I look out the windshield, and I think of when I broke the easel. All that anger I felt. Heat.
Now I feel nothing.
I decide to leave, but almost hit another car on my way out of the deck. So I go back. I pull into the same spot and get back out. As if moving might help ease the throbbing wound inside me.
All this time, I thought that it would peter out. That I’d finish the mural and…I don’t know. I guess I didn’t believe that it would really end. That seems to be the only explanation for my...blindness.
I walk back into my atrium, and numbness simmers. Now it’s hurt. Betrayal. I feel envious even of Pearl. He’ll replace me, but she’ll always have him. Like one of those psychos from the stalker movies, I tell myself harshly, as I thrust my shaking hands under the water in the men’s room. Those ones who fall in love with someone through the window glass. What are you, a step or two away from that? It was always more you and less him. What did you want? Someone to pick you? Did you want Daddy to pick Vance?
I splash my face. I understand—the facts are here, and they are easy to interpret—but my mind just can’t believe it. What did you think, asshat? That he lost his phone in Ottawa?
I thought he had lost his phone. It seemed to be the only explanation for such a long silence.
Sometime after dark, I end up in the room with centaur. He’s so beautiful. By far the best piece that I’ve ever made.
I know what I’m going to do—and it’s so strange the way I love how much I hate it.
There’s a grinder here. A long extension cord. I unravel it methodically, with steady hands. Then I turn the grinder on, and start with centaur’s head. Once his head is gone, the rest will feel easy. I’ve spent so long looking at his face—it’s like an old friend. Once that’s gone, a weird, tight pressure fills my chest. If I take shallow breaths, I can still breathe. I stop for a second. Gotta get a facemask. I only have the one, though. It’s the mask he wore. It’s at the townhouse. I take my shirt off and tie it around my head.
I remove the neck and shoulders next. His legs…his hips…his flank. I don’t realize I’m crying until I stop because my shirt is wet enough to sag. Finally there’s just a tail left. I wipe my eyes, and then I finish it.
It’s daylight again in the atrium when I start the next part of my project. It’s complex, a slight challenge—but I see it so clearly. I’m so good at marble. Really, it’s my gift. People still hire me for murals, but I’ve got a wait list four years out for sculptures.

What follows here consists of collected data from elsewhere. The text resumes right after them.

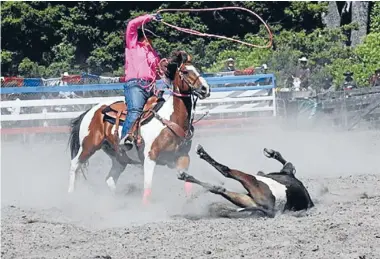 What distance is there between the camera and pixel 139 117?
9.40 metres

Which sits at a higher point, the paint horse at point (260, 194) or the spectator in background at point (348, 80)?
the paint horse at point (260, 194)

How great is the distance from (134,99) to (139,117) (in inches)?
9.9

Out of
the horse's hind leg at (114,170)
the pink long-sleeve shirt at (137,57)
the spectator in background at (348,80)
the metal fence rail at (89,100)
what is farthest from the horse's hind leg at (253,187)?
the spectator in background at (348,80)

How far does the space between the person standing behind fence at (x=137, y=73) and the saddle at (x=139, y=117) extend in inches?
2.5

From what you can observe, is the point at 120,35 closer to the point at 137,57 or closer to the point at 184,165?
the point at 137,57

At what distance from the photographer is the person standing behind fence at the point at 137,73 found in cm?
941

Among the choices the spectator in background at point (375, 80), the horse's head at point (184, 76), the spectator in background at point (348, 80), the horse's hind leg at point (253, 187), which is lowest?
the spectator in background at point (348, 80)

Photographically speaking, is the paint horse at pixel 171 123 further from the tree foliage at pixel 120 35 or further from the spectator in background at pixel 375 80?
the tree foliage at pixel 120 35

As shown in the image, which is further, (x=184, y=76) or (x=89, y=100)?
(x=89, y=100)

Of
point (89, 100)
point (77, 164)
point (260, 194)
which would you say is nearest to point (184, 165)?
point (260, 194)

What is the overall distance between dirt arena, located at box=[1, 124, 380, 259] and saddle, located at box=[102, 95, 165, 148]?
818 mm

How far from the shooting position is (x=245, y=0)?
28.7 metres

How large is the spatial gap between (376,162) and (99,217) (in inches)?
228

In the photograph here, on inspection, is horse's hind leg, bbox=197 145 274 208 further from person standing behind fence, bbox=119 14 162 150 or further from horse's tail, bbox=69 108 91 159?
horse's tail, bbox=69 108 91 159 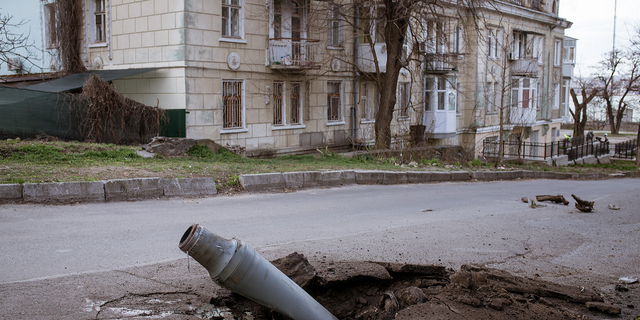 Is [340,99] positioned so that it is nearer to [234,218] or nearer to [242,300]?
[234,218]

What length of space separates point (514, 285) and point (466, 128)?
30.2m

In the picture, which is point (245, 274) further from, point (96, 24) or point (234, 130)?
point (96, 24)

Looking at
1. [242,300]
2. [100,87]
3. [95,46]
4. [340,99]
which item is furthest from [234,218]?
[340,99]

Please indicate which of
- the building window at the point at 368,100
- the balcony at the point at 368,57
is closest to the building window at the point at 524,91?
the building window at the point at 368,100

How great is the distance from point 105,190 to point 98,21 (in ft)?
45.4

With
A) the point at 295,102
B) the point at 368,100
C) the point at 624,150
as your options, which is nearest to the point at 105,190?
the point at 295,102

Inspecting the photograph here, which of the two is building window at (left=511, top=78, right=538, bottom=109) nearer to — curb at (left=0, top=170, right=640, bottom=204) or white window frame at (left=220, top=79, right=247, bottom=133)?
curb at (left=0, top=170, right=640, bottom=204)

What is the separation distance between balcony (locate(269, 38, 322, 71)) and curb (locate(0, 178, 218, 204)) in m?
10.5

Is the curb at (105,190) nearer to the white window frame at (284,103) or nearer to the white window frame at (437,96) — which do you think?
the white window frame at (284,103)

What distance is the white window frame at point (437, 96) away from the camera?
3022cm

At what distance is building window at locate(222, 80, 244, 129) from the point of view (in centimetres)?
1903

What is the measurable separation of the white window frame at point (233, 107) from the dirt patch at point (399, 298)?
14.5m

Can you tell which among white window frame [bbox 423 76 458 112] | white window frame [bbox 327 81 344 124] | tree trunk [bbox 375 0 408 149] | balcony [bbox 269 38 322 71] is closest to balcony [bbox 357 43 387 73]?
white window frame [bbox 327 81 344 124]

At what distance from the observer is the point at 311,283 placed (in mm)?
4508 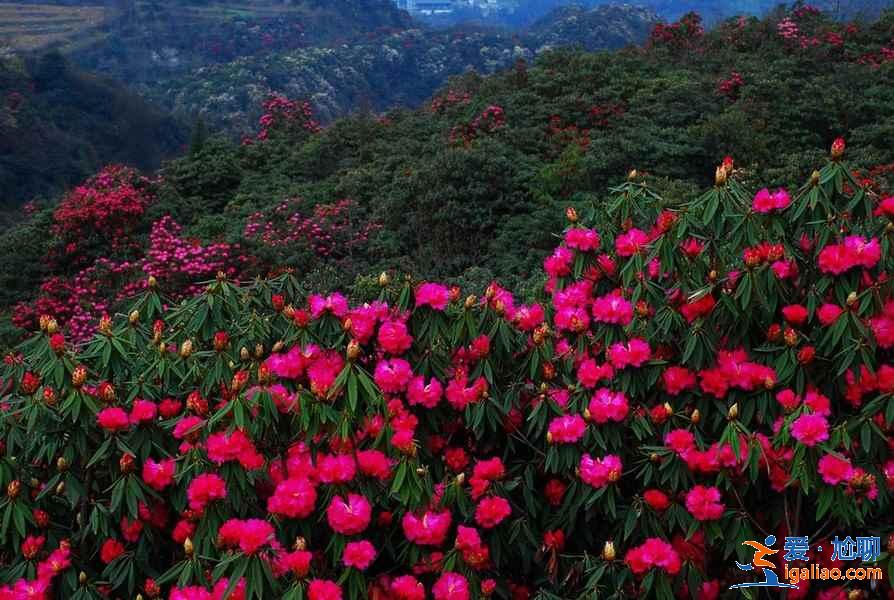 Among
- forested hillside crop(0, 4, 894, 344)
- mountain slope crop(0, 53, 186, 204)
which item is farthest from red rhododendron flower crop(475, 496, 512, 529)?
mountain slope crop(0, 53, 186, 204)

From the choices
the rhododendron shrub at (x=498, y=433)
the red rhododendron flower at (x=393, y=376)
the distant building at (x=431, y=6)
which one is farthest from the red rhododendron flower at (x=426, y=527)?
the distant building at (x=431, y=6)

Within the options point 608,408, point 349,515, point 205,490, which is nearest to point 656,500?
point 608,408

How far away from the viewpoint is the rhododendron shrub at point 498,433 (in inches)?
70.9

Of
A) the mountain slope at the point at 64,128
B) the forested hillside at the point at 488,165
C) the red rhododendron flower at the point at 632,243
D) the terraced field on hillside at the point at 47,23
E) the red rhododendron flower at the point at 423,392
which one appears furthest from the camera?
the terraced field on hillside at the point at 47,23

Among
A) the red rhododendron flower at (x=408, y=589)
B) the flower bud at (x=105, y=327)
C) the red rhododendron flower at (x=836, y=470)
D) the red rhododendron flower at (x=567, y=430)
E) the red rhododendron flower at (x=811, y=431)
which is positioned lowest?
the red rhododendron flower at (x=408, y=589)

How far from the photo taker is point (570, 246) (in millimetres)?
2391

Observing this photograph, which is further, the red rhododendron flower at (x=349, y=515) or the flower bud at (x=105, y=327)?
the flower bud at (x=105, y=327)

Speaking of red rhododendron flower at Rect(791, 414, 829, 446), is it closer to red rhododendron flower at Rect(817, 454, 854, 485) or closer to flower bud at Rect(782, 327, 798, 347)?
red rhododendron flower at Rect(817, 454, 854, 485)

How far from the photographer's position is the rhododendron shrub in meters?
1.80

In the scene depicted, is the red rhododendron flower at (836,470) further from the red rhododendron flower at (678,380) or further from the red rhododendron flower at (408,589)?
the red rhododendron flower at (408,589)

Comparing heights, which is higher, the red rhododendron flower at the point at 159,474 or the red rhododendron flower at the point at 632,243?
the red rhododendron flower at the point at 632,243

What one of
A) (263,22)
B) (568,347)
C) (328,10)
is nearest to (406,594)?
(568,347)

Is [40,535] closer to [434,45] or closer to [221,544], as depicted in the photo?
[221,544]

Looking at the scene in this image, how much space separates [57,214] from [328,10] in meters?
36.7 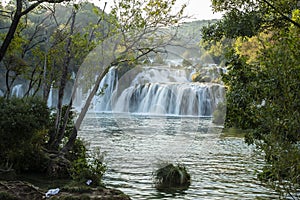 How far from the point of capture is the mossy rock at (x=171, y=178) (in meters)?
12.2

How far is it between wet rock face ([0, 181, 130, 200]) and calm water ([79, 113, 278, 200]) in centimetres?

I do the beach first…then the sea: a wild and reckless sea with gorgeous, curling waves. I give the island trees, a clearing. Then I start the boat. There’s just one piece of hull…a mast and crumpled sails. I know the sails are flawless even as my hands begin to shake and my throat gets so dry breathing makes me choke. All the wreckage next. So many splintered boards. There are mangled railings, part of the couch-like thing where we sat and smoked. When everything is finished—all the wreckage, anyway—I lay the steering wheel just so in the sand. Then I get the grinder out again…then the hammer…and the medium flat chisel. Mini chisels. With one of them, I give it a title between underbrush, between two palm trees. Worship.
“Sir?”
I turn to see a man in a suit standing in the doorway.

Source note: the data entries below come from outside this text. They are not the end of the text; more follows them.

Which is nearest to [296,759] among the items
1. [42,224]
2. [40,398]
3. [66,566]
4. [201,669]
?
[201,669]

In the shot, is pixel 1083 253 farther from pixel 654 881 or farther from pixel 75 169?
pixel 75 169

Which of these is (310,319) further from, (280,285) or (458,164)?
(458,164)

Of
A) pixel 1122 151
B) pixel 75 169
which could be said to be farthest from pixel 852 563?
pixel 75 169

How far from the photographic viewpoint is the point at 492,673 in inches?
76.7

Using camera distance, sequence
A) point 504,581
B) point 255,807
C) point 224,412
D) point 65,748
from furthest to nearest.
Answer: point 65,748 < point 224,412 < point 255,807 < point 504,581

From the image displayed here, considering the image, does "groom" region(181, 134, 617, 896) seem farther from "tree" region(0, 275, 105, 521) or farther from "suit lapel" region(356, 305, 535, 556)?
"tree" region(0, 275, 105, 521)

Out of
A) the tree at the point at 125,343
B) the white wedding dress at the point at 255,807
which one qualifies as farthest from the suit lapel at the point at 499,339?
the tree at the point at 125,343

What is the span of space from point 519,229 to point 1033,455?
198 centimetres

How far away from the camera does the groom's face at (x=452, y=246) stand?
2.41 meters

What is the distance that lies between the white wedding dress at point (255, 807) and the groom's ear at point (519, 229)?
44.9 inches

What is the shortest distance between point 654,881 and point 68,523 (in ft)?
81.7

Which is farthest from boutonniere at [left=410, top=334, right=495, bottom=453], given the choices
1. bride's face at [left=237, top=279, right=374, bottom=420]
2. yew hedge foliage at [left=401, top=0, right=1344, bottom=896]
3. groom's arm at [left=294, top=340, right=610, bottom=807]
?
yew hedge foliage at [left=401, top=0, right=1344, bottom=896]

“Do you have clearance to be in here?”
I blink, near shocked to find it’s dark outside the atrium’s windows.
I look back at the man and tell him, “I’m the artist.”
He steps closer. “I’m Howard. One of the church elders.”
I can’t bring myself to speak or even nod.
“This has changed since I was here last,” he says, coming closer still. “The last piece was a stunner. What you have here now is maybe even more special.”
I see a spot I don’t like and start at it with a point chisel.
“Do you need something? A glass of water?”
I look at him. His eyes look like…something.
“No.” I step away. “No thank you.”
With the chisel in my hand, I walk toward the nearest men’s room—but I don’t stop. I go to my atrium. It’s empty. I can smell the roses. I think of the port-a-room outside in the walled garden, and my throat closes.
I know where he is if he’s here. I know where the stairwell is—the one they led him up after he said in fifth grade that he planned to marry one of his male friends and not the boy’s twin sister. It feels right for me to go up those stairs.